Transfusi yang adekuat dapat mencegah deformitas tulang ireversibel
akibat ekspansi sumsum tulang. Kemungkinan lain masalah pada tulang
berkaitan dengan kelasi besi desferoksamin. Tanda-tanda yang perlu dicurigai
adalah nyeri tulang atau perawakan pendek. Lesi tulang berupa displasia
kartilago terjadi pada tulang panjang dan tulang belakang, sehingga tulang
belakang tampak pendek dan memberikan gambaran pseudorikets.

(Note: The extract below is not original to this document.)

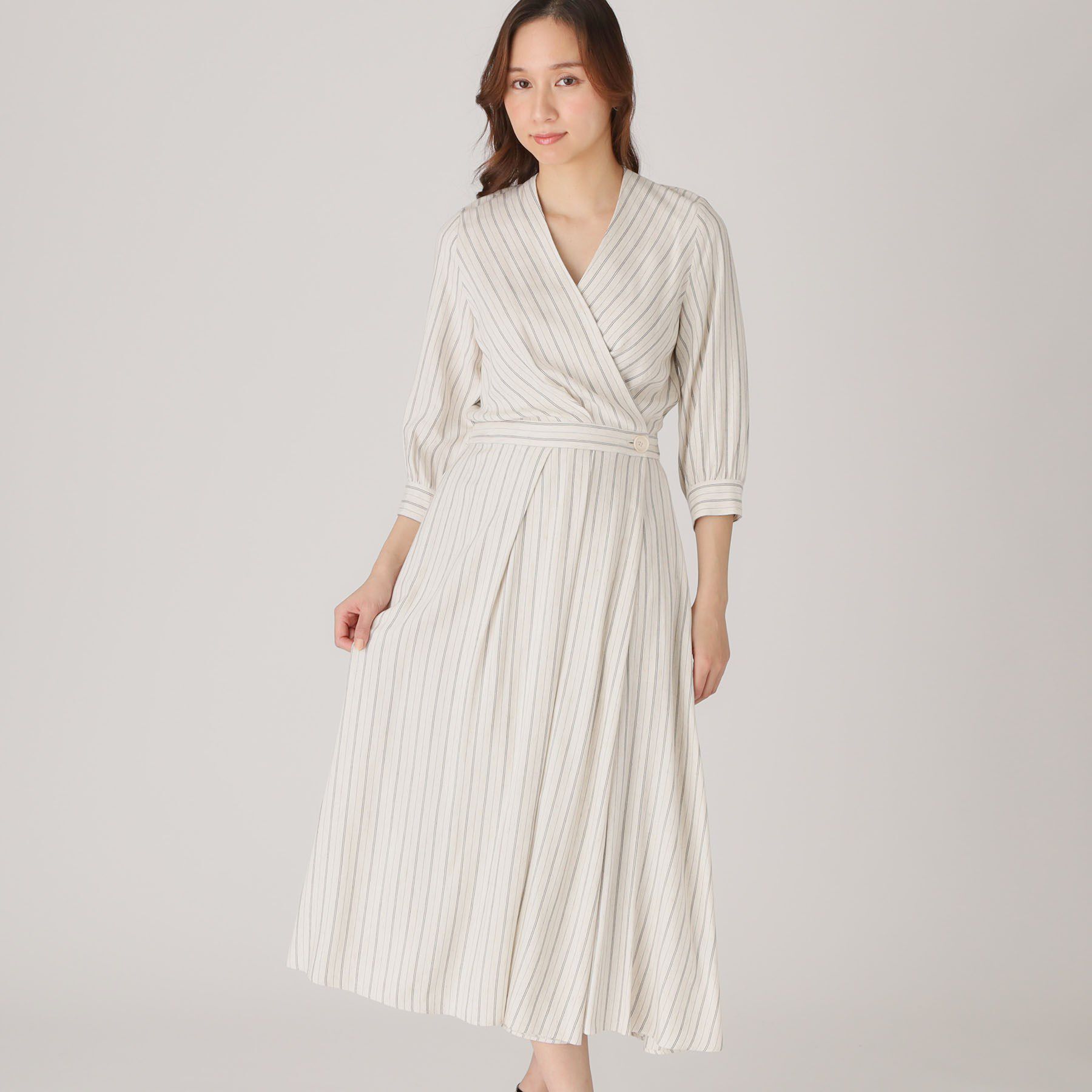 COUP DE CHANCE「【洗える】ストライプ柄 カシュクールワンピース」|ワンピース|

Pemeriksaan penunjang yang dapat dilakukan adalah pemeriksaan kadar
kalsium, fosfat, alkalin fosfatase, dan 25-hidroksi vitamin D darah. Pemeriksaan
pencitraan seperti MRI tulang belakang dan bone mineral density (BMD) dapat
dilakukan untuk pasien dengan keluhan nyeri tulang.
e. Komplikasi Infeksi
Infeksi adalah penyebab kematian kedua terbanyak pada thalassemia
mayor, setelah kematian akibat komplikasi jantung. Pasien thalassemia memiliki
risiko lebih tinggi mengalami infeksi karena beberapa aspek imunitas pada pasien
thalassemia mengalami perubahan, di antaranya adalah penurunan jumlah
neutrofil, jumlah dan fungsi natural killer cells, peningkatan jumlah dan fungsi sel
T supresor CD8, makrofag, dan produksi interferon gamma. Infeksi merupakan
kondisi yang umum terjadi pada thalassemia. Infeksi menjadi penyebab kematian
kedua setelah jantung. Organisme utama penyebab infeksi di Asia adalah
Klebsiella spp, sedangkan di negara barat adalah Yersinia enterolitica. Infeksi yang
ditransmisikan melalui transfusi terutama adalah hepatitis C yang dapat
menyebabkan sirosis hati dan karsinoma hepatoselular. Infeksi yang sering pula di
Asia adalah pitiosis, yang disebabkan oleh jamur, dengan angka kematian yang
cukup tinggi. Klinisi perlu menyadari risiko infeksi yang tinggi pada pasien
thalassemia dan pentingnya tata laksana yang tepat untuk mengatasinya. Faktor
predisposisi yang perlu dipikirkan pada pasien thalassemia dengan infeksi adalah
splenektomi, transmisi infeksi dari transfusi darah, kelebihan besi, atau efek
samping kelasi besi.
2.10 pencegahan
Usaha pencegahan ini umpamanya meliputi usaha yang retrospektif dan prospektif.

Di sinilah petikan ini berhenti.